John Nixon (March 1, 1727 – March 24, 1815) was an American brigadier general in the Continental Army during the American Revolutionary War.

He was born in Framingham, Massachusetts, on March 1, 1727, to Christopher and Mary Nixon. In 1755 he served in the Massachusetts militia during Sir William Johnson's campaign against the French during the French and Indian War.

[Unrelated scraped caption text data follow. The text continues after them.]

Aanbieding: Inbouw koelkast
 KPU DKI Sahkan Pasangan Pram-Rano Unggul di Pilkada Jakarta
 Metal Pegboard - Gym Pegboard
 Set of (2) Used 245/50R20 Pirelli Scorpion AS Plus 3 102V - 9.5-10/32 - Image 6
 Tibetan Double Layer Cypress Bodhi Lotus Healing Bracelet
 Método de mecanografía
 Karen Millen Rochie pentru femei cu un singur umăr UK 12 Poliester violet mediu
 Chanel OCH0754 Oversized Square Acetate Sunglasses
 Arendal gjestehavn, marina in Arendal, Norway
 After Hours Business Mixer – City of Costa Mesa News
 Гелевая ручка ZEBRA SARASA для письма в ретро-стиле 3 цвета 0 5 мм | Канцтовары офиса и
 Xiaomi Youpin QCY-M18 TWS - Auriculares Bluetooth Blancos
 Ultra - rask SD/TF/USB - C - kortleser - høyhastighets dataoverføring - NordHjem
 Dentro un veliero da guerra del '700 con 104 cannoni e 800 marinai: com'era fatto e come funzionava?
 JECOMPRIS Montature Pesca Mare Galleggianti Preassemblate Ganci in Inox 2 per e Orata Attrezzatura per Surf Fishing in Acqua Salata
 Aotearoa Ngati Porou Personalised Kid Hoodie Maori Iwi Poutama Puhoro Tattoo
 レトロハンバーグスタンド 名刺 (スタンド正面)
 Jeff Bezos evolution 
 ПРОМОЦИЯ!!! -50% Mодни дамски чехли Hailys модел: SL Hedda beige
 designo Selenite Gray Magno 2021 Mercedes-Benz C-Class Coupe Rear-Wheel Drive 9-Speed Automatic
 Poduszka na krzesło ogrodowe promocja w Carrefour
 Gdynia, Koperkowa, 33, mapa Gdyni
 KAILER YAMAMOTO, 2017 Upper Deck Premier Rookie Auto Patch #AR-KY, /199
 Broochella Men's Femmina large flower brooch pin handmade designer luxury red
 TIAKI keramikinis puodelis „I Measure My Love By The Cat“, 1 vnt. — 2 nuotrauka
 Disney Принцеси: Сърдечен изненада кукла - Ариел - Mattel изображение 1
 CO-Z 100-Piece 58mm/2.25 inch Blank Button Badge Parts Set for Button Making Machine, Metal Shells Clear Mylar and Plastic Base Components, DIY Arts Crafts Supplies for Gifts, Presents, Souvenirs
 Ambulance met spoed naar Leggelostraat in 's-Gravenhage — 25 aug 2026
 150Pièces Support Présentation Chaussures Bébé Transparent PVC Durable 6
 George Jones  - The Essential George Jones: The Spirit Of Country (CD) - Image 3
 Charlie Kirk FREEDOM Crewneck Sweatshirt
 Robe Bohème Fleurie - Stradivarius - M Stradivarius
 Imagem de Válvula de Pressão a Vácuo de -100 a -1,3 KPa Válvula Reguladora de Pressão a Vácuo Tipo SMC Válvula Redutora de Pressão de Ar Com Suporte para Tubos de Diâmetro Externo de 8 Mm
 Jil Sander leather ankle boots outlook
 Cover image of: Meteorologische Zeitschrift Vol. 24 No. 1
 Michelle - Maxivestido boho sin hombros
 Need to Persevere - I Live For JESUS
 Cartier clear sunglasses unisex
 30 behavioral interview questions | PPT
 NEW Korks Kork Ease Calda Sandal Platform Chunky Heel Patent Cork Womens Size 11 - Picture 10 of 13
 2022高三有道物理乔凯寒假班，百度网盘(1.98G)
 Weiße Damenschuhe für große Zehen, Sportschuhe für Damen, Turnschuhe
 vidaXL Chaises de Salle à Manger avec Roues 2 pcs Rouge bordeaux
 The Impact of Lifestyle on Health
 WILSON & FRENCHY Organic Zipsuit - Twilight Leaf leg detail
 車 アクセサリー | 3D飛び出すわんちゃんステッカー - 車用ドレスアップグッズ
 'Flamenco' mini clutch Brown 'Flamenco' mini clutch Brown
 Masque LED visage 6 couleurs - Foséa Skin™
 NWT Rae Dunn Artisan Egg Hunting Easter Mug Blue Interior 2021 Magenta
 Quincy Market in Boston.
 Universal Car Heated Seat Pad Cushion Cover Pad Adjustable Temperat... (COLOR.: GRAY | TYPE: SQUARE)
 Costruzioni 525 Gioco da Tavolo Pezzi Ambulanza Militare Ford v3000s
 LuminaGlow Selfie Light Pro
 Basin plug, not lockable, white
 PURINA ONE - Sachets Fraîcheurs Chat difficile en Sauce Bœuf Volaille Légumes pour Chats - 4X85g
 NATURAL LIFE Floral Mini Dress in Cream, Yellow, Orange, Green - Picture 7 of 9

In 1775 Nixon had moved to Sudbury, Massachusetts, and was a captain of the town's Minutemen whom he led at the Battles of Lexington and Concord. He and his men fought at Bunker Hill on June 17, 1775, his unit was one of the last to leave the field. After the battle Nixon was promoted to colonel of the 6th Massachusetts Regiment. Col. Nixon's regiment was placed into Gen. John Sullivan's brigade and took part in the New York and New Jersey campaign during 1776. In August 1776, Nixon was promoted to brigadier general, and he commanded a brigade consisting of the 3rd, 5th, 6th and 7th, and 8th Massachusetts Regiments.  He led his brigade in the Battle of Harlem Heights and later in the Saratoga Campaign, when it was reinforced by Cogswell's, Gage's and Mays's regiments of Militia. Nixon's brigade  was involved in the Battle of Bemis Heights in October 1777, and took part in the final assault; during this attack a cannonball passed so close to his head that his sight and hearing were affected the rest of his life. Nixon resigned his commission September 12, 1780.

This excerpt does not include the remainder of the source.